For fans of dopey doping excuses, here's how Andersen explained his 1987 Tour du Limousin positive to Abt:
"I can't explain it. I talked to Charly Bérard [a La Vie Claire/Toshiba team-mate] and Francis Castaing, who both tested positive too [Bérard also at the 1987 Tour du Limousin and Castaing at the 1987 Tour of the European Community] and like me they don't take testosterone. None of us can understand or explain it. All I can think of is that my body produced an excess of testosterone and that's what showed up in the drug test."
Cyclisme Dopage also have a couple of other explanations offered by Andersen. In 1987, after his Tour du Limousin bust, he had this to say to L'Equipe: "Since I tested positive twice, I take all my precautions. I'm not a jerk!"
Of his Amstel positive in 1992, Andersen had this to say to L'Equipe: "At the Amstel, I went calmly to the [doping] control. I never thought I was positive. [...] It is a product that was not on the list in 1991 and has been there only since this year." And, later in the year, he said this to Sport Magazine: "I'm not like Ben Johnson, who has resorted to artificial means to improve his times."
Cyclisme Dopage also have some funny quotes from Andersen's peers. Like Bernard Hinault, referring to the Dane's 1985 positive(s) (and, presumably, La Vie Claire's zero tolerance policy): "Pas de dopé chez moi."
Or there's Roger Legeay, speaking in 2000 on why he recruited such a recidivist doper to Z-Peugeot: "J'ai été faible." At least Legeay wasn't weak in 1992 when Andersen popped a positive yet again. What's even nicer about the way Legeay dealt with that case is that, in 1992, the UCI were burying positives, not releasing the names of the guilty, and the world might have been none the wiser about it had Legeay not shown what a zero tolerance policy really means.

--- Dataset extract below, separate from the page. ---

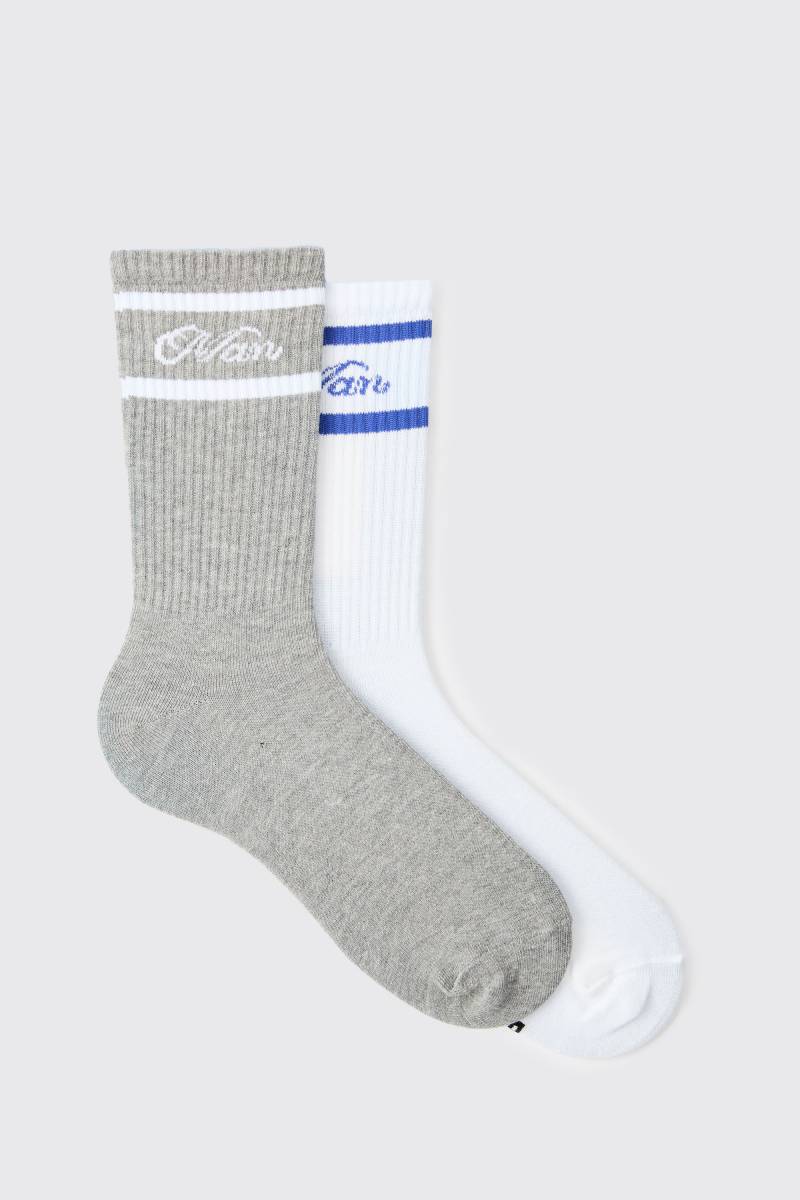 2er-Pack gestreifte Man Sport-Socken von boohooman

One more, which Cyclisme Dopage don't have, comes from Greg LeMond in 2001: "Every rider on La Vie Claire was clean; that was Paul Köchli's big deal to make sure he had a clean team." Some La Vie Claire riders do seem to have made it through clean, like Steve Bauer and Andy Hampsten. And Greg LeMond. Though I would like to know what he saw in François Bellocq.
* * * * *
So just to be clear on this: Kim Andersen tested positive either seven times, six times (if Cyclisme Dopage have the two Italian offences confused) or - if you're very, very, very generous - three times (you'd have to take a strict reading of only offences he was actually sanctioned for (ie 1985, a suspended sentence; 1986, an actual suspension; and 1992, another suspended sentence) and not count the multiple offences the Danish federation did a smoke and mirrors trick on).
Whatever way you cut it, Andersen did not test positive only twice, which is what Daniel Benson at Cycling News keeps suggesting. By coincidence - it can only be a coincidence, for I can't imagine CN ever trusting this as a primary source - that's also the number of offences detailed on Andersen's Wiki page.
Believe it or not, Andersen is not the worst offender on Cyclisme Dopage's long list of dopers. If he had seven busts, he's joint first, while if he 'only' had six then he's joint second (and it's quite a crowded second place).
Who's the man who beats Andersen's record? Djamolidine Abdoujaparov - the famed Tashkent Terror, who wiped out in spectacular fashion on the Champs Elysées one year - whose seven offences were: one in 1989 (ephedrine) and six in 1997 (all for Bromantan and Clenbuterol). Yes, that's right, SIX (!!!!!!) offences in one year: the Three Days of de Panne, the Four Days of Dunkerque, the Côte Picarde, the Critérium du Dauphiné Libéré, the GP Rennes, and - the only one I know of to make the headlines - the Tour de France. He got a one year ban and retired at the end of the season.